Postby Cassandre » Thu May 23, 2019 12:18 am

Terry E. wrote:
Cassandre wrote:Sure everyone wants to be seen and valued and supported in dealing with their blind spots in a compassionate manner.

But :

" Try and support him and please don't doubt him. Being doubted has its own form of pain. "

Someone manipulative could utter those very words? "Don't doubt me, I need you, I can't deal without you."

Don't you wish people to have a choice?

It matters to me, giving people options. The choice is theirs.


What you are referring to are Munchers. There are no people I dislike more than them. However if he is a genuine survivor validation of his life is important. Maybe the most important thing for him.

You need to be careful here as the "minimizing a survivors pain" will strike a lot of nerves here. Many if not most of us have experienced it.


I've been very much abused Terry so I'm a strong advocate of listening to people's pain without c asting judgement.

But my mother is also a cruel and manipulative person as well as a hypochondriac. Does she experience the pain she says she is experiencing? I'm sure sometimes she does. But does she know how to trick people into taking care of her needs based on imaginary ills?

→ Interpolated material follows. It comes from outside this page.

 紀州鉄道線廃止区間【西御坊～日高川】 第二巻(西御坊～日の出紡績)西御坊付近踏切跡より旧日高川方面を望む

She does too... A Munchner, I take it!

Here I did not have an agenda other than providing OP with some objective tools to discriminate between the too. I do not have enough information to make a judgement at this point about jaydnul's person of interest, and am trying to stay fair to all options until I do. I do rush to judgement once in a while but I don't think that was the case here.

Thanks for clarifying your perspective as I thought there might be potential for misunderstanding.